TST makes quantitative the earlier concept of the activation energy of a chemical reaction. It does so by identifying a feature of the potential energy surface that governs the nuclear motion in a chemical reaction with this activation energy. For many reactions, this feature is an energy barrier (mathematically, a saddle point) that separates the reactants and products and nuclear motion that transforms the reactants into the products must pass over (or possibly tunnel through) this saddle point. For obvious reasons, this point is also called the TS, and from its local properties, the temperature dependence of the absolute reaction rate can be calculated.

It would not be an exaggeration to state that TST is the theory of reaction rates. It has been validated for many years and will continue to be used in the future. Thus, it came as a surprise when recent experiments and calculations on the photodissociation of formaldehyde (H₂CO) clearly demonstrated that the molecular products of this reaction, CO+H₂, are also formed by a pathway that skirts the well defined TS. The experimental and calculated signature of this second path is remarkably clear: the H₂ product is formed vibrationally highly excited, whereas it is only slightly excited when the reaction follows the path over the saddle point (2, 3). The calculations indicate that the second pathway commences with a single H atom separating from H₂CO and entering the H+HCO dissociation channel. However, instead of separating into those products, the incipient H-HCO fragments execute a fairly complex motion that results in “self reaction,” where the nearly free H atom abstracts the H atom in HCO to form the molecular products, H₂+CO. In this abstraction pathway, these products emerge with very different internal energies than from the TS pathway, H₂ is very highly vibrationally excited, and CO is rotationally cold, whereas the opposite is found when the reaction takes the TS pathway.

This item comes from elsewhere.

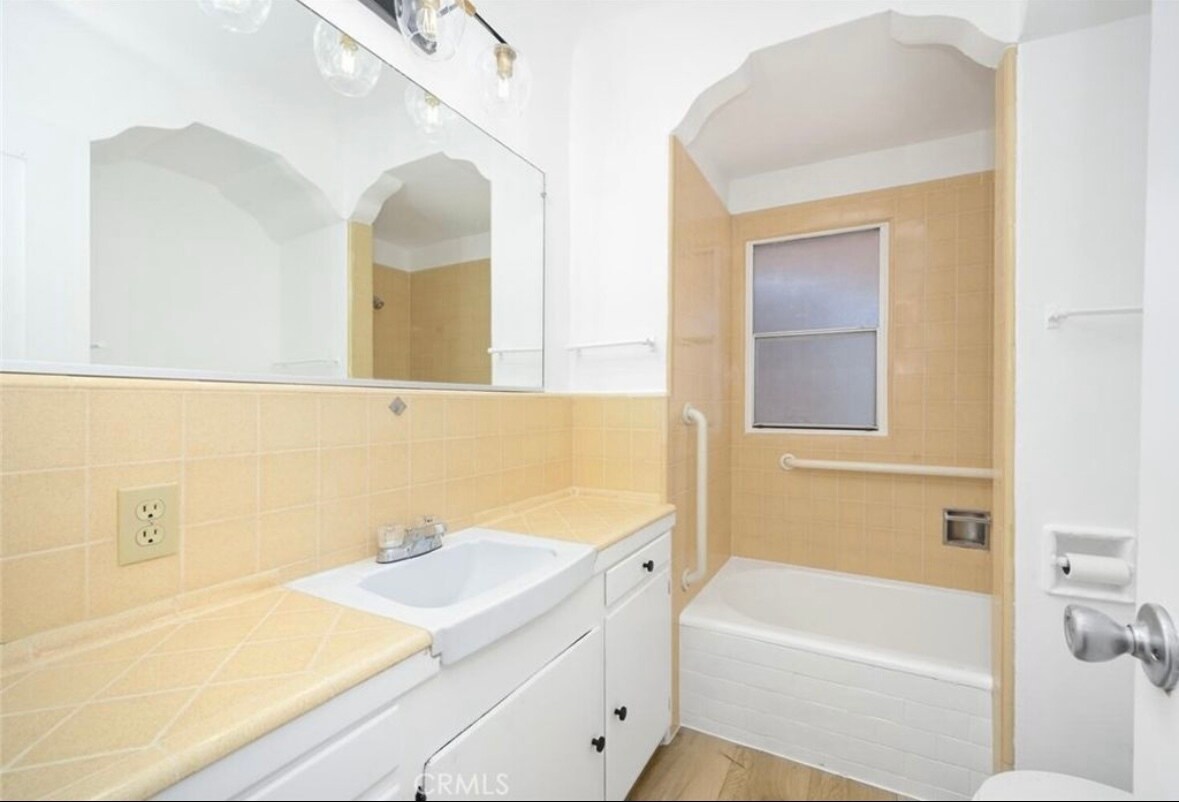 Building Photo - 974 W 13th St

Animations of several of these non-TS pathway trajectories (see supporting information, which is published on the PNAS web site) have led to the characterization of this unusual pathway as the “roaming H atom.”

Attempts to develop fully quantum versions of transition state theory have also been pursued.

Houston and Kable (1) report another likely example of the “roaming” pathway in the photodissociation of CH₃CHO. In this case, it is the methyl radical that may be roaming about the HCO fragment and abstracting the H atom to form vibrationally excited CH₄ (and rotationally cold CO). By contrast, the CH₄ molecular product formed by the TS is not vibrationally very excited, but the CO product is rotationally excited. In addition to these signatures of two pathways, Houston and Kable (1) report another striking signature of the second pathway, the lack of significant alignment of the CO molecular rotation relative to the velocity vector of the separating CH₄ and CO products. This implies that the abstraction of the H atom in HCO by the CH₃ fragment occurs at a variety of relative orientations. By contrast, rotationally excited CO (presumably formed by the conventional TS) is aligned, i.e., the CO angular momentum vector points in the direction perpendicular to the relative velocity vector; this is consistent with the known TS configuration. Stimulated by this observation, we reexamined H₂CO trajectories and indeed found substantial rotational alignment of rotationally excited CO formed by the conventional molecular TS, which is planar, but very little alignment for rotationally cold CO, accompanied by vibrationally hot H₂ (J. Farnum and J.M.B., unpublished work), in qualitative agreement with the Houston and Kable (1) results for CH₃CHO (Fig. 1).

Fig. 1.

Depiction of the usual “textbook” reaction. Proceeding from left to right, shown are reactants to products by the energetic TS and a second pathway that bypasses that barrier.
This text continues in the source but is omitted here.